* [What is expected]
Although the entries contain pictures, your copy should hold only their exact text.

* [Entries supplied]
▼

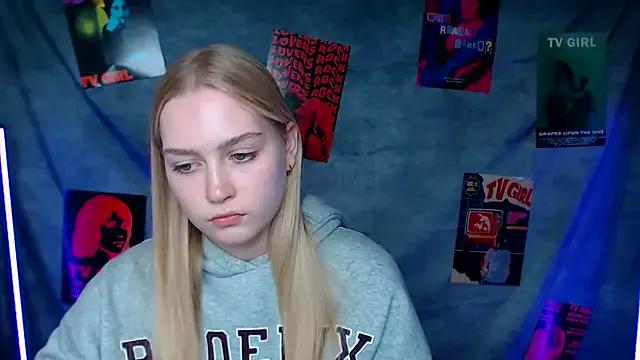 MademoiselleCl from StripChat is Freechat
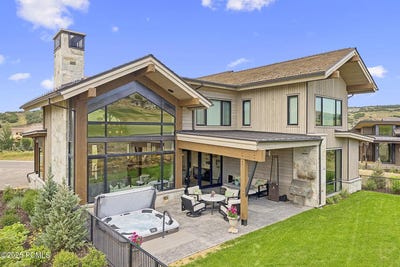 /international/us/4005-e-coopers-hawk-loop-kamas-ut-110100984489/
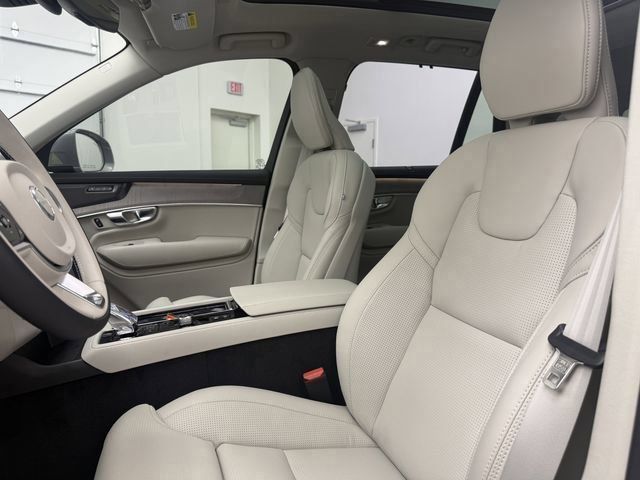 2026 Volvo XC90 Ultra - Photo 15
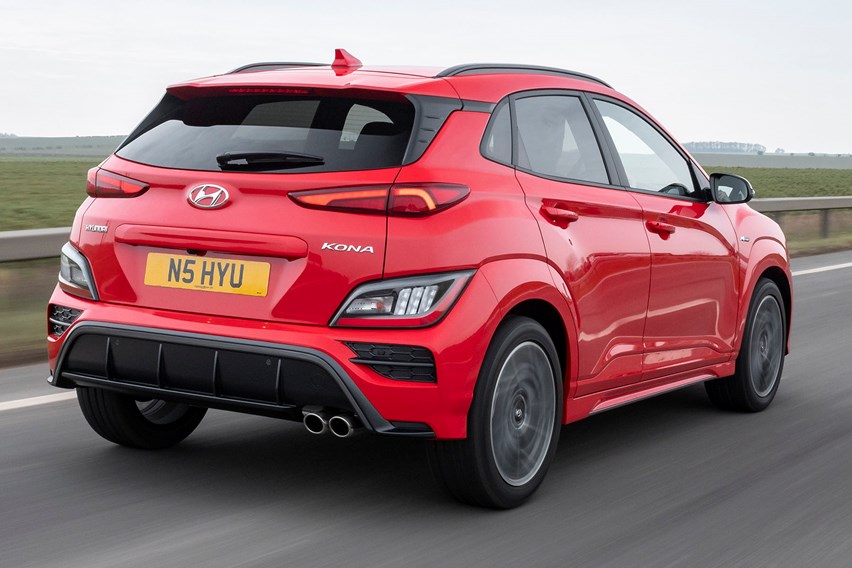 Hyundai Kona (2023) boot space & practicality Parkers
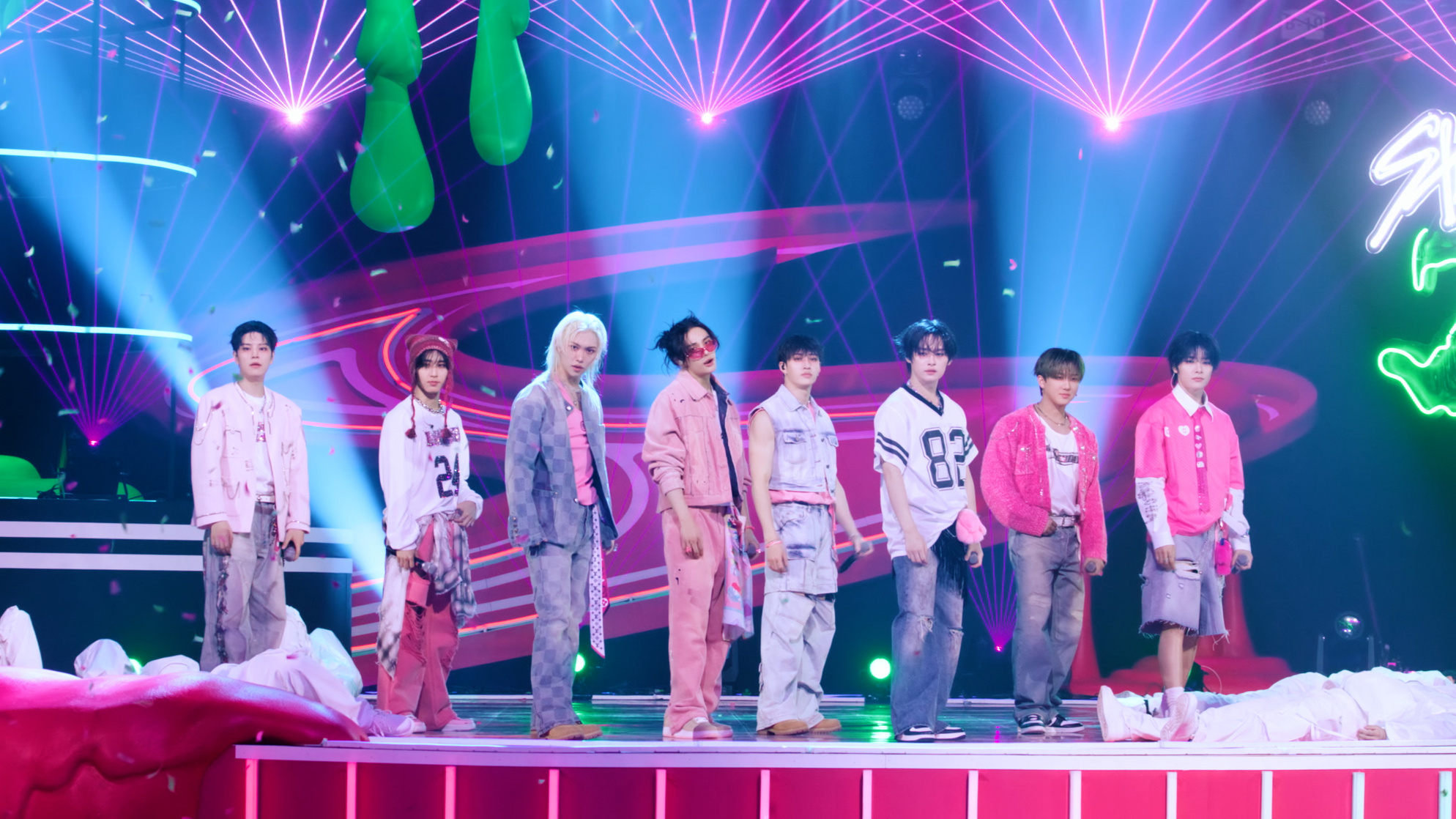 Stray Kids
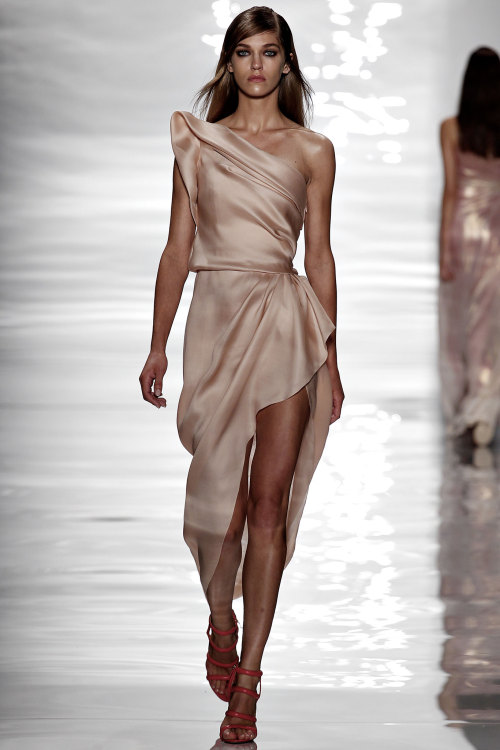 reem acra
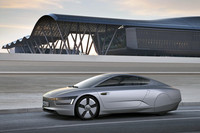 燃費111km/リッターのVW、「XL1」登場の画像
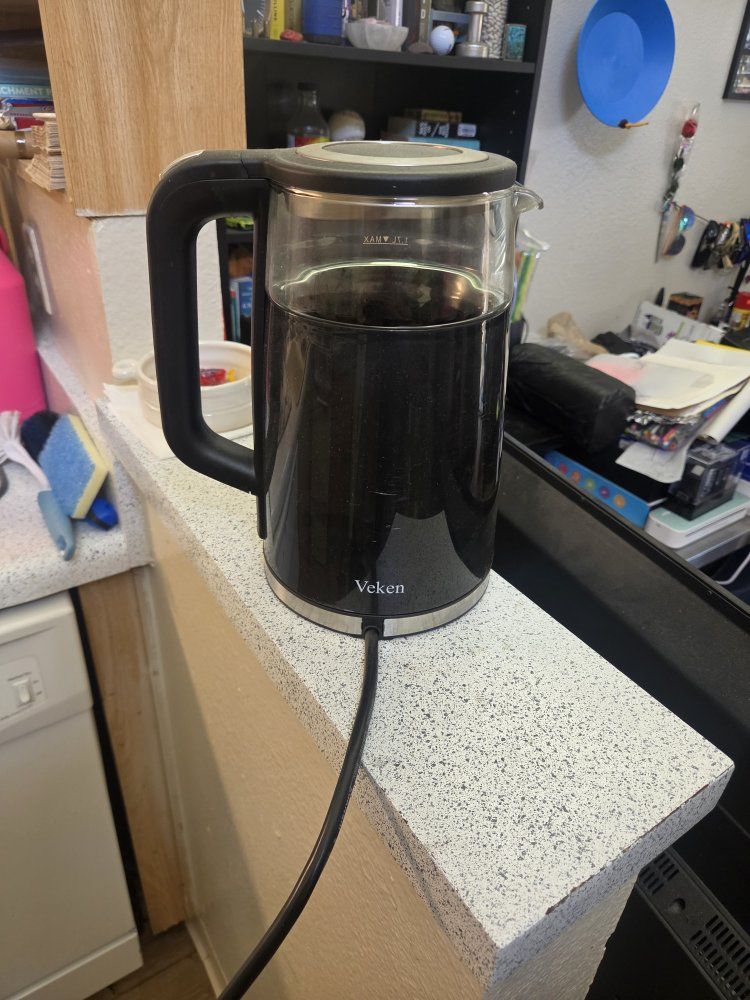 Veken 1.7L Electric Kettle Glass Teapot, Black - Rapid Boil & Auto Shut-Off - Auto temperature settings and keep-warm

▲

* [Worked solution]
 MademoiselleCl from StripChat is Freechat
 /international/us/4005-e-coopers-hawk-loop-kamas-ut-110100984489/
 2026 Volvo XC90 Ultra - Photo 15
 Hyundai Kona (2023) boot space & practicality Parkers
 Stray Kids
 reem acra
 燃費111km/リッターのVW、「XL1」登場の画像
 Veken 1.7L Electric Kettle Glass Teapot, Black - Rapid Boil & Auto Shut-Off - Auto temperature settings and keep-warm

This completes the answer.